» Task statement
Write again exactly the lines in the listing below, starting at the line with "Credenza a 3" and ending at the line with "Strawberry Embroidered Jumper", both included. Pictures are not copied.

» Available records
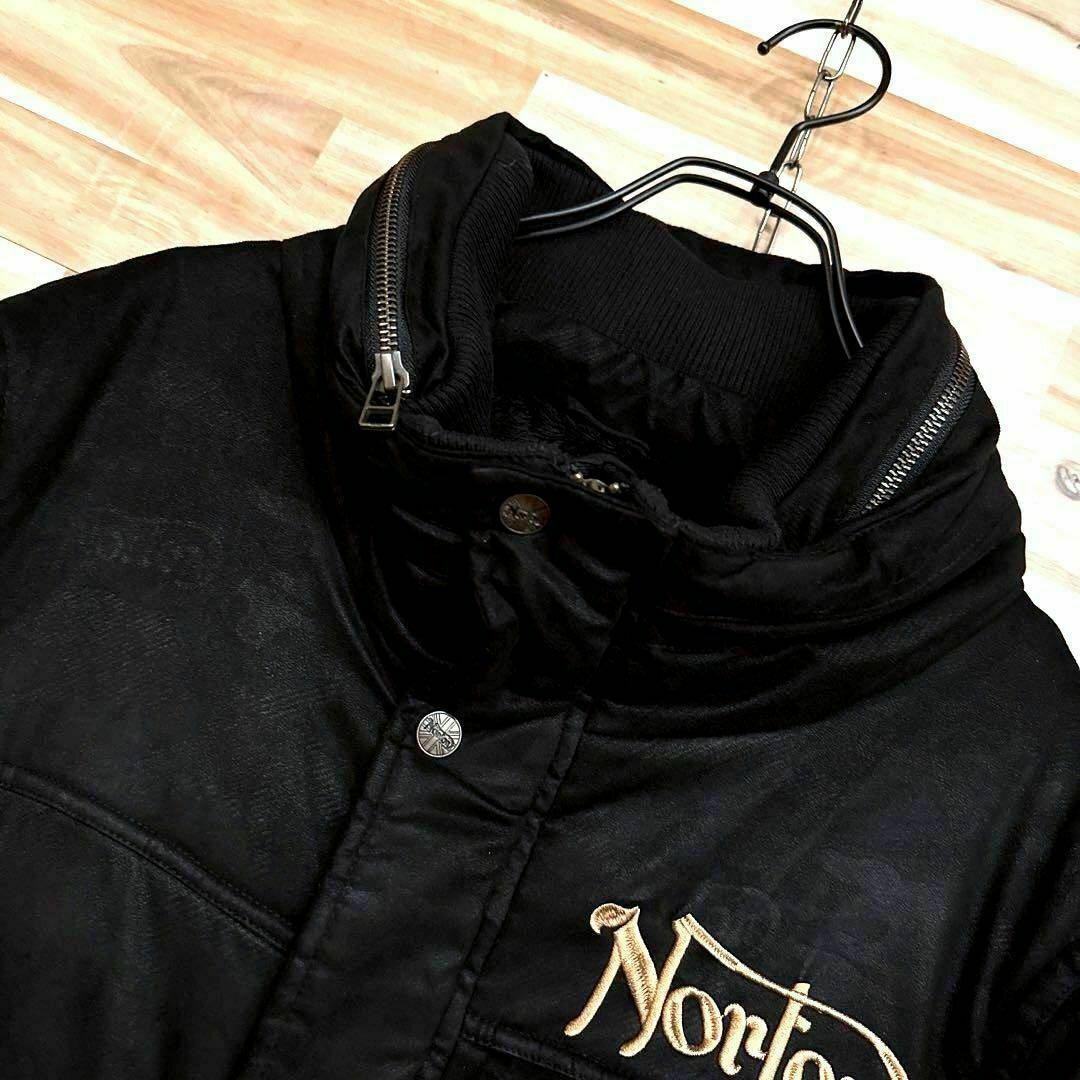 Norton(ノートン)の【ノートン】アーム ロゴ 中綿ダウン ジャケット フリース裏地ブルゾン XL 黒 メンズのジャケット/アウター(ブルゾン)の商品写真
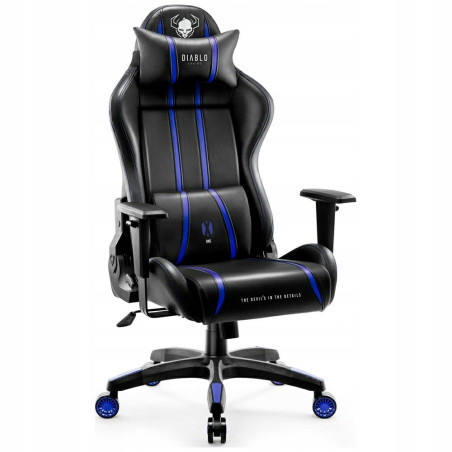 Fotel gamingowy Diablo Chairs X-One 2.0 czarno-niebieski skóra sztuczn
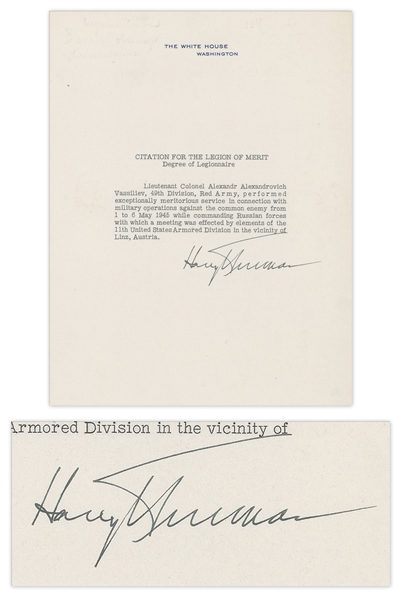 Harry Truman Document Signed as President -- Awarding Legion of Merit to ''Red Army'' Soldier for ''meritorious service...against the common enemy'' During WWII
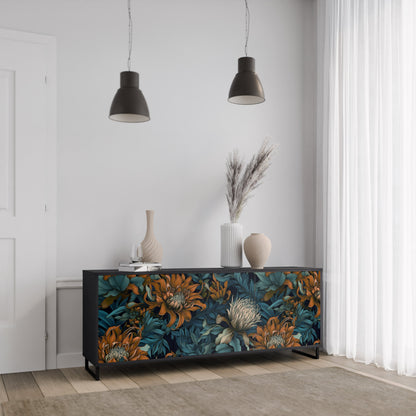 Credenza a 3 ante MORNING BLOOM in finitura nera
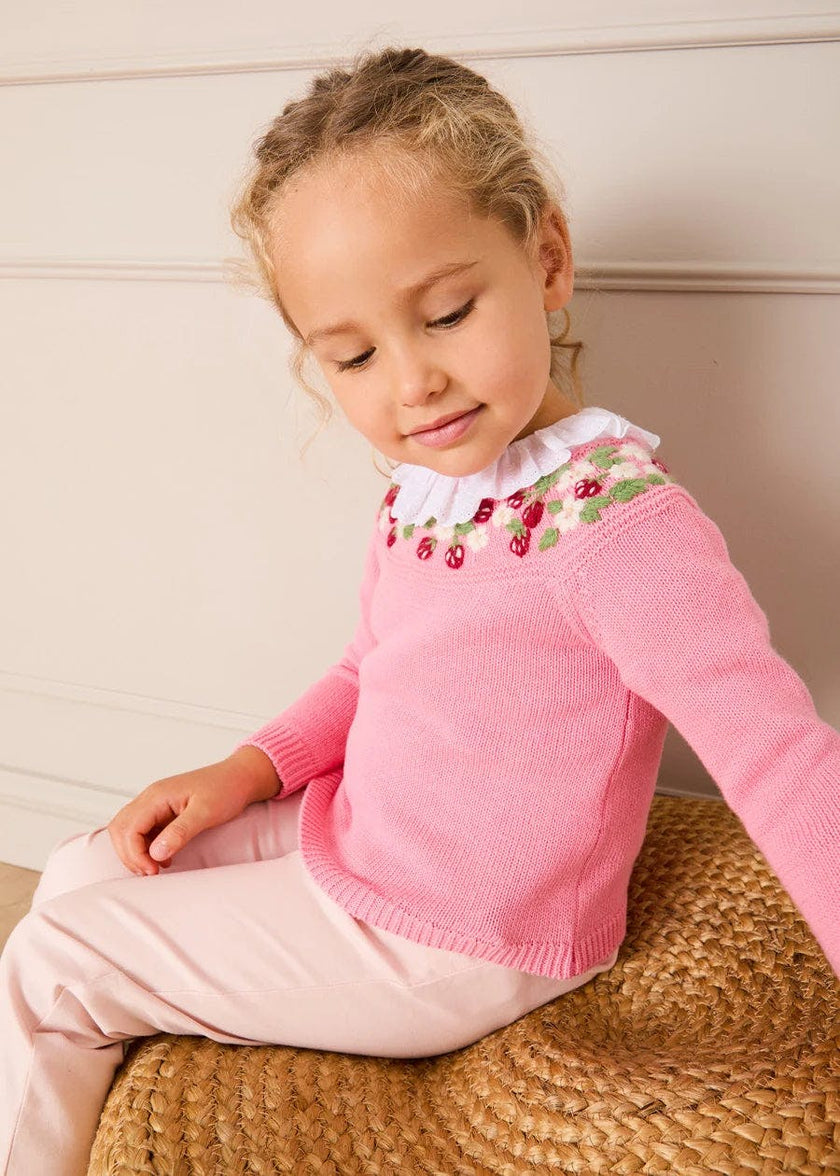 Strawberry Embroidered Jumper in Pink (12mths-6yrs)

==

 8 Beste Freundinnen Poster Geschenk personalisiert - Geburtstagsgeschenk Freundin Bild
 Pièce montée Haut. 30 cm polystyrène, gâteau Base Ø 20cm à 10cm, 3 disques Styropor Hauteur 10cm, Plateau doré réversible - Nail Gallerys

==

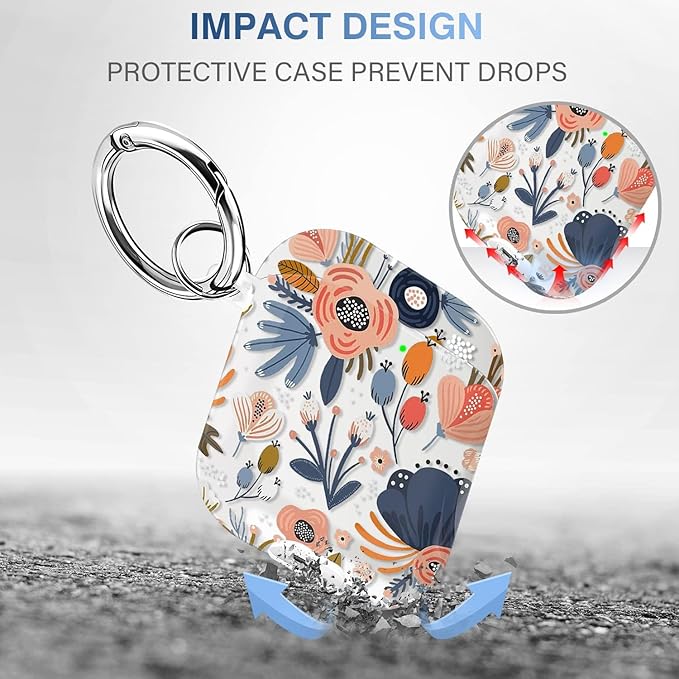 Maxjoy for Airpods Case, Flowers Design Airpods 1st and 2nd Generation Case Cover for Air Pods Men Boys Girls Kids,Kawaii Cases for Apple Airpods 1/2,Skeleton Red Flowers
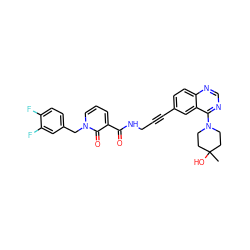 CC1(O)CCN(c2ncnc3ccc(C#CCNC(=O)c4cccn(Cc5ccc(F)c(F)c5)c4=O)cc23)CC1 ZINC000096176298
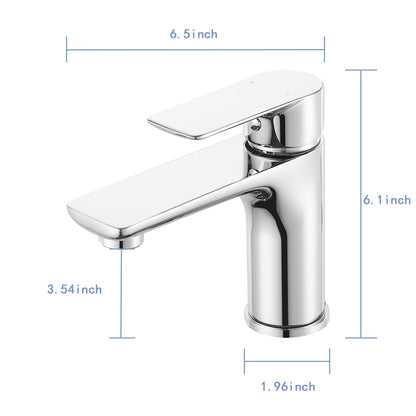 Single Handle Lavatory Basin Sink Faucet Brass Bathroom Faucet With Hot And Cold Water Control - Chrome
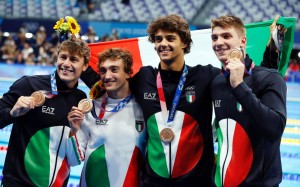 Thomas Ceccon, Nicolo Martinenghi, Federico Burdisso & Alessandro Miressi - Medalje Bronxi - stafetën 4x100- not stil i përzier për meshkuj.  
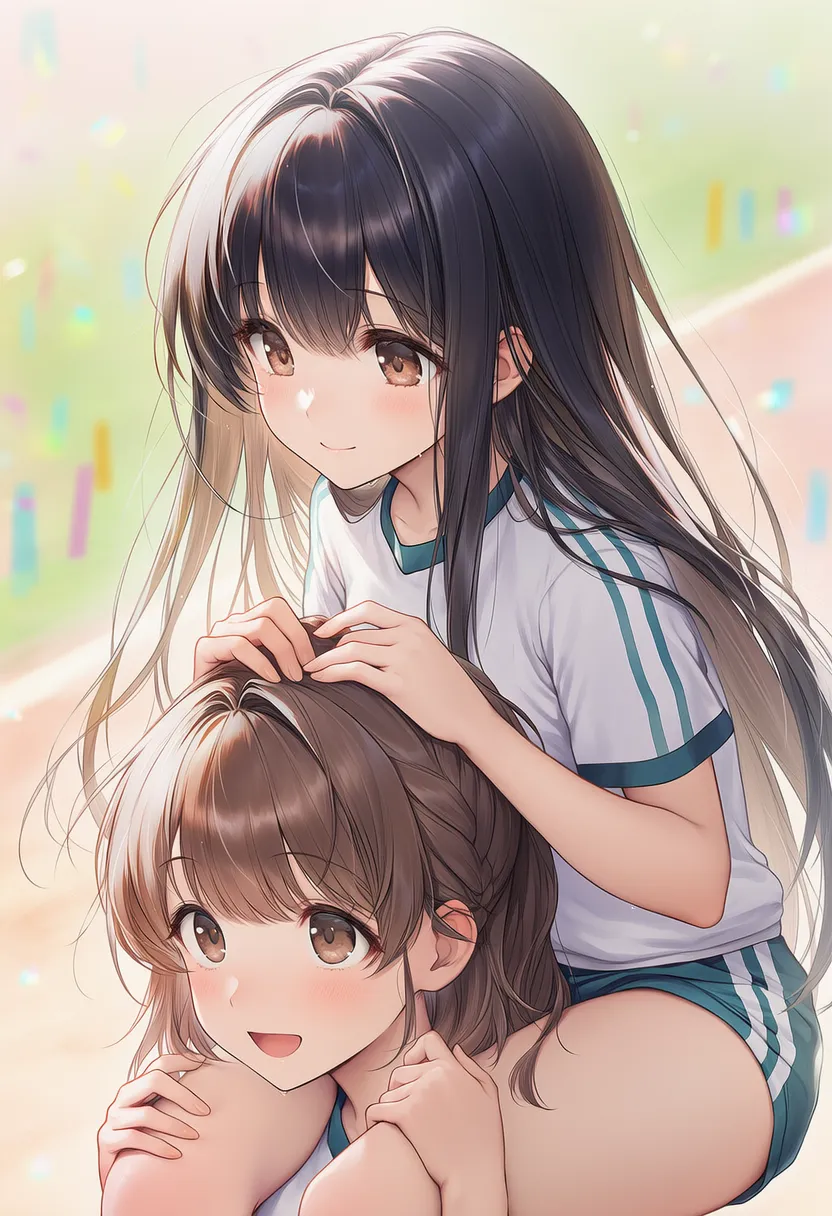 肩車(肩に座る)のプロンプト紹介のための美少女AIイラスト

» Result of this task
 Credenza a 3 ante MORNING BLOOM in finitura nera
 Strawberry Embroidered Jumper in Pink (12mths-6yrs)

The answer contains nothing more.